Sein oder nicht sein. Jouer la folie ou l'être vraiment ? Ce basculement, Thomas Ostermeier le situe au plus profond de son personnage central, avec pour résultat une mise en scène qui résonne à la fois comme une introspection et une longue descente aux enfers. Pour donner davantage de force et de concision à ce monument shakespearien, il a pris l'option de voyager léger, demandant à son dramaturge Marius von Mayenburg de sérieuses coupes et déplacements dans un texte ramené à la moitié de sa durée initiale (soit environ trois heures sans entracte). Moitié moins de personnages également avec une petite dizaine de protagonistes qui se débattent sur une scène recouverte d'une épaisse couche de terre humide, métaphore silencieuse de ce "quelque chose de pourri" qui plane sur le royaume de Danemark. Un royaume gouverné par un usurpateur (Claudius), complice du meurtre de son frère par la reine Gertrud.
Ostermeier montre Hamlet comme le caillou dans la chaussure de ce couple d'assassins, inaugurant la pièce par son célèbre monologue tandis qu'on découvre au premier plan le cercueil de son père et à l'arrière le repas de noces de son oncle et de sa mère. Témoin embarrassant, il se tient à distance d'un enterrement qui tourne à un numéro des Marx Brothers lorsque sous la brume d'un jet d'eau combinée à des rafales de guitare électrique, le fossoyeur s'y reprend à plusieurs fois avant de parvenir à ensevelir le corps. La suite de la pièce se déroule au-dessus de la sépulture – une façon de mettre en scène la contamination du drame et des personnages par les émanations putrides de ce meurtre que l'on cherche à dissimuler.
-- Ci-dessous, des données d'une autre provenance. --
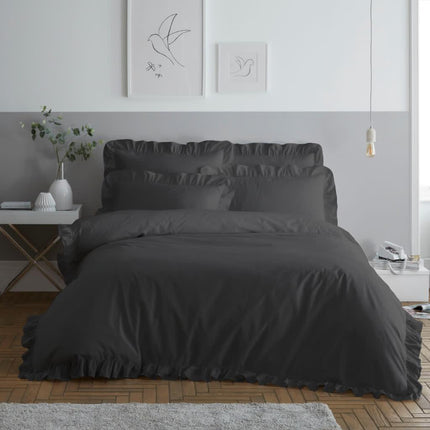 The RUFFLE Duvet Cover Set is perfect for a luxurious bedroom. A simple charcoal color lends itself to any aesthetic, while soft polycotton fabric and ruffle detailing offer beautiful comfort and style. Add a touch of sophistication to your bedroom with this elegant duvet cover.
Le mariage est à l'avenant, suite délirante avec effets larsen, vaisselle jetable et cannettes de bière. Tandis que la reine se trémousse sur du Carla Bruni, Claudius essaie en vain de raisonner Hamlet qui, littéralement, vomit sa haine et leur jette des poignées de terre. Refusant de se soumettre à son oncle, il choisira de passer pour fou mais la tactique finira par se refermer sur lui comme un piège. Il faut à ce rôle un interprète capable d'incarner son personnage au point de le dévorer physiquement et mentalement. Lars Eidinger est de cette trempe d'acteurs qui transforme tout ce qu'il touche en théâtre. Sa performance dans Hamlet tient de l'hallucination et de l'animalité, un animal plein de mots et de fièvre, le visage et la bouche souillés de terre et crachant ses répliques comme des coups de poing. Comme il montrait un Richard III bossu et déformé par sa haine, Thomas Ostermeier choisit de dessiner son Hamlet à la façon d'un sinistre bouffon, le corps épaissi d'un faux ventre comme pour le rendre à la fois attendrissant et dérisoire. Passant d'une scène à l'autre avec une virtuosité versatile, il est le véritable maître d'œuvre de la soirée, capable de suspendre l'action pour interagir avec le public et se lancer dans d'interminables improvisations multilingues comme autant de mises en abîme qui ricochent en amont et en aval de la fameuse scène du Meurtre de Gonzague jouée devant Claudius pour le confondre.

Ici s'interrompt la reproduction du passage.